The more diverse we became, the more stridently our opponents resorted to the
race card. They had nothing else.

Trying to
win this argument is, as Tony Leon once said, like feeding steaks to a
crocodile in the hope that it will become vegetarian.  

By the time
I stepped down, we were well and truly into the game that I can only blame
myself for initiating (even if there were important and valid reasons for doing
so).

Let me
emphasise that this self-criticism is not intended as a negative reflection on
any of the DA’s black leaders. The ANC would have continued to escalate the
race rhetoric even if they had been able to walk on water.

So when the
ANC and its fellow-travellers continued describing them as Zille’s “puppets”,
the strategic logic I had initiated inside the DA’s inner circle moved to the next
logical step, encouraged by advice from an American “expert” (straight
from the world capital of identity politics).

The DA election
strategists (ironically most of them white) concluded that if they could crush
me publicly, we would truly, at last, lose our “white-party” image. This
is not a conspiracy theory. I have a document that was circulated to the Federal
Executive, explaining it.

The
immediate “casus belli” was a statement I made, in a series of
tweeted observations on my “Lessons from Singapore”, that the LEGACY
of colonialism was not ONLY negative. This has been said scores of times
before, by black South African leaders including Nelson Mandela, and appears in
many post-apartheid history textbooks authored by black historians. It is a
statement backed by almost every respected historian in the world.

But because
it caused offence to our political opponents (most of them elite, university
educated devotees of identity politics who would never vote for us anyway), the
DA seized on the chance to further “purify” the party.

I was suspended,
and when this still didn’t work, they tried to entice me to leave South Africa.
The DA even found a donor to generously sponsor their strategy. If I
disappeared, they reckoned, the party would at last be seen as “transformed”.

When I
politely declined to resign as premier and leave the country, I was banished
from all party activities.

During the
election campaign, when the polling started reflecting problems, the party
approached me, through an intermediary, to request my assistance.
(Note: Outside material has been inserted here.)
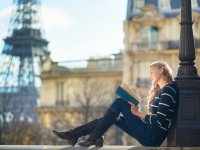 http://ru.depositphotos.com/Ekaterina Pokrovsky: красивая девушка читатет книгу в Париже
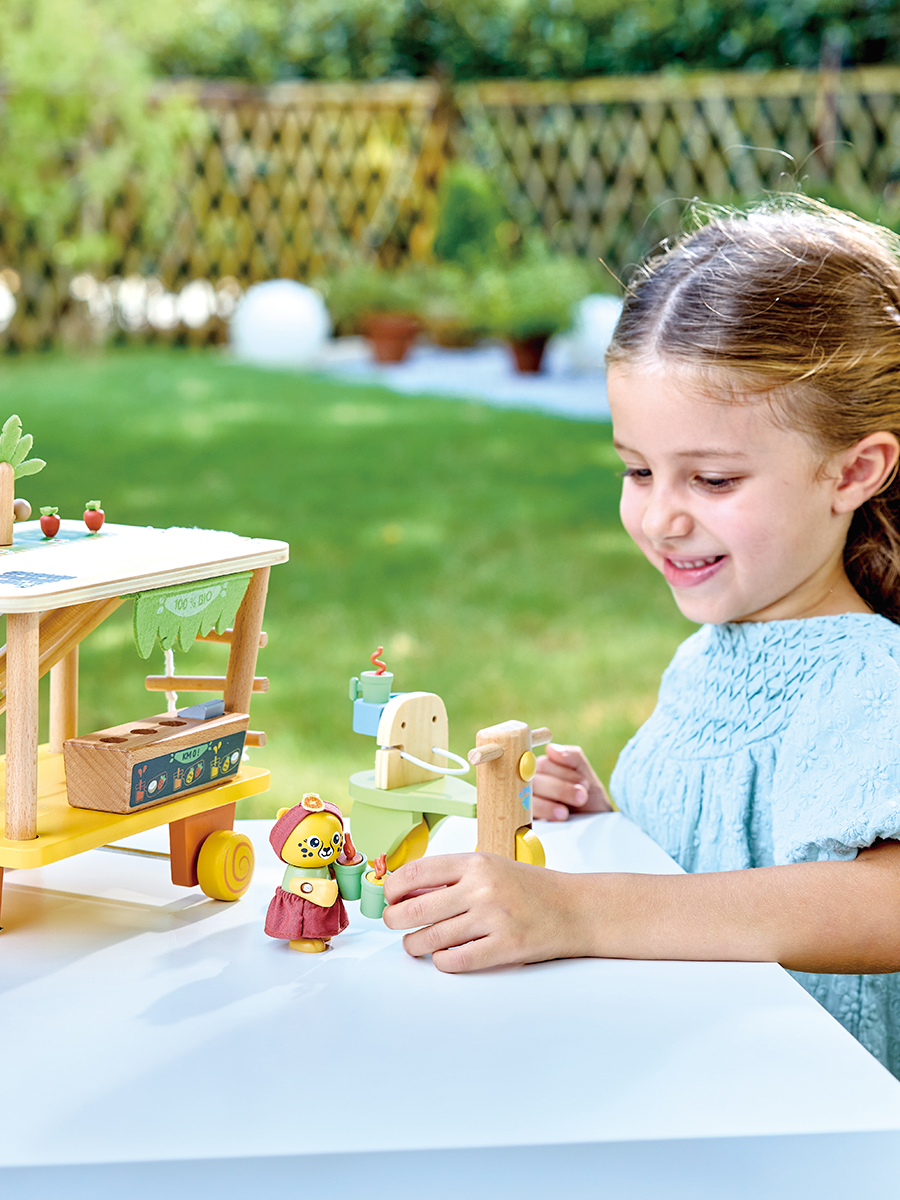 Игровой набор Hape Магазин на колесах - фото 3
I immediately
agreed, and was duly trotted out in scores of meetings, events and interviews, across
three provinces.

Unsurprisingly,
as soon as the last ballot was counted, the party took their finger off the pause
button of the “crush Zille” strategy.

I say this
not to play the victim. I have only myself to blame. I was the one who saddled
and mounted the Tiger. I thought we could manage it. When I dismounted it
attacked me. What did I expect?

I can
already hear the chorus of critics shouting that I only have myself to blame
because of my tweets. Here again, I disagree: my most recent tweets were
precisely geared at exposing the fallacy of racial generalisations, and the
double standards that lie behind the dominant narrative of identity politics (which
involves laying sole blame on minorities, for the country’s problems).  

I would
have thought that my attack on hypocrisy and double-standards would have dove-tailed
comfortably with the DA’s script. Liberalism 101. But I had again committed the
ultimate sin of offending our opponents (whom it is our first duty to please).

I certainly
have a lot to answer for. But not for the reasons most commentators think. And
I intend to spend the rest of my career in the political domain seeking to make
amends and being true to my belief in an inclusive form of non-racialism.

– Helen Zille is the former DA leader and premier of the Western Cape.